# Whats hot in wheel clean ??



## ChuckH (Nov 23, 2006)

About to run out of wheel cleaner so as I've not bought any for a long time could do with the heads up an what is good at the moment ?
I prefer to buy say 5 litres so all the one litre kits would not be for Me.. Non acidic is a must....
I had a 5 litre tub of AB very cherry which is nearly gone.. This was / is seemingly OK .. Just thought I would ask before buying some more of the same..
Or should I just use an APC ? 
I have on occasion used Autosmart G101 that seems pretty good also...

Do the dedicated wheel cleaners remove the LSP ? I use wheel wax or CG wheel sealant but wonder if the wheel cleaner just strips it off again ?

Thanks !!..........................


----------



## OGGYsri (May 12, 2010)

AS Smart wheels!!


----------



## Davemm (Mar 9, 2009)

if the wheels are sealed then all you should need is a wash with shampoo or as said a light clean with apc will help. 

if you want a wheel cleaner then smart wheels is very good for the money and does last a long time at 10-1


----------



## OllieNeedham (Jan 18, 2012)

I use AMDetails, AMWheels diluted at different rates.

VERY effective. My cream/white wheels aren't protected yet (woops), and they got caked in brake dust and mud. I sprayed them with a strong mix of AMWheels, left to dwell, then jet washed off, and they came out like new.


----------



## DezzaRS (Nov 5, 2011)

bilberry!


----------



## -Kev- (Oct 30, 2007)

AS smart wheels or Espuma revoultion, bilberry is overrated (imo) and expensive (around £25 for 5L + p&p, smartwheels is about half that)


----------



## spursfan (Aug 4, 2009)

ChuckH said:


> About to run out of wheel cleaner so as I've not bought any for a long time could do with the heads up an what is good at the moment ?
> I prefer to buy say 5 litres so all the one litre kits would not be for Me.. Non acidic is a must....
> I had a 5 litre tub of AB very cherry which is nearly gone.. This was / is seemingly OK .. Just thought I would ask before buying some more of the same..
> Or should I just use an APC ?
> ...


Chuck, why change something that works very well, i have the very cherry stuff and it always does the biz so to speak, use it twice a year and then seal the wheels and then presuure wash and all is good......mind you with this bloody hosepipe ban the car is looking a bit sorry for itself

Kev


----------



## ChuckH (Nov 23, 2006)

I had billberry before and to be honest thought it was not very good at all !!

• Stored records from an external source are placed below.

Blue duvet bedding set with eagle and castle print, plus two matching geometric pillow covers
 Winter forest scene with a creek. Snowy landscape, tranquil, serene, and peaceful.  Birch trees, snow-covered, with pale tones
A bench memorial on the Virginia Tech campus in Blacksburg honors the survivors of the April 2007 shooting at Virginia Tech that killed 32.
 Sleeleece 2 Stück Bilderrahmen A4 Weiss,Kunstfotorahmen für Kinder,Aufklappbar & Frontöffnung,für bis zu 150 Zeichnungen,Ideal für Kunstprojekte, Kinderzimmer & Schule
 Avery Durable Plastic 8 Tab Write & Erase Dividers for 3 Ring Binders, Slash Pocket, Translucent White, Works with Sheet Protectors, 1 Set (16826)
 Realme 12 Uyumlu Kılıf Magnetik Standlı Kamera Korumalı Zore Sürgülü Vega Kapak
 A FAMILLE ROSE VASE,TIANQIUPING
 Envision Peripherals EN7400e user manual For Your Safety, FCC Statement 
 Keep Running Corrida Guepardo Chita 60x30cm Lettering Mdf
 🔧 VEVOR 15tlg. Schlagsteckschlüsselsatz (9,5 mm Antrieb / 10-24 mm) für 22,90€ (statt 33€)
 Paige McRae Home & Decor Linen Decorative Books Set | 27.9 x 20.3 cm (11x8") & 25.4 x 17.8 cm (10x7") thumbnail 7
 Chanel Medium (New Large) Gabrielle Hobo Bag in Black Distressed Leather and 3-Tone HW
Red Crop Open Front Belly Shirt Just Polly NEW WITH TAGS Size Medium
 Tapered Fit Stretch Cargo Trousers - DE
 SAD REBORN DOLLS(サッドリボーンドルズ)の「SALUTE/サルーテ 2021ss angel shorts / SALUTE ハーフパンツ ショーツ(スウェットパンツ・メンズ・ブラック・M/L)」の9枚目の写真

Just thought I would maybe try something different as these products get updated quite often..

Thanks.


----------



## xScotty (Apr 21, 2012)

ChuckH said:


> I had billberry before and to be honest thought it was not very good at all !!
> 
> Just thought I would maybe try something different as these products get updated quite often..
> 
> Thanks.


How much did you dilute it?


----------



## OGGYsri (May 12, 2010)

I used Bilberry as my first wheel cleaner, tried a few since but when doing family or friends cars I now use Smart Wheels, a lot cheaper and better than Bilberry even if they were the same price!!!!

Get some smart wheels mate, you won't be disappointed.


----------



## dave-g (Nov 14, 2009)

What do people dilute smart wheels at? It kills my sprayhead on any bottle :/


----------



## Derekh929 (Aug 28, 2011)

Just used the new version of Smart Wheels today and that will be my go to wheel cleaner from know until i find another excellent price & Product IMHO


----------



## ChuckH (Nov 23, 2006)

xScotty said:


> How much did you dilute it?


20 to 30 % product to water.. Any weaker it was hopeless.....


----------



## ChuckH (Nov 23, 2006)

OGGYsri said:


> I used Bilberry as my first wheel cleaner, tried a few since but when doing family or friends cars I now use Smart Wheels, a lot cheaper and better than Bilberry even if they were the same price!!!!
> 
> Get some smart wheels mate, you won't be disappointed.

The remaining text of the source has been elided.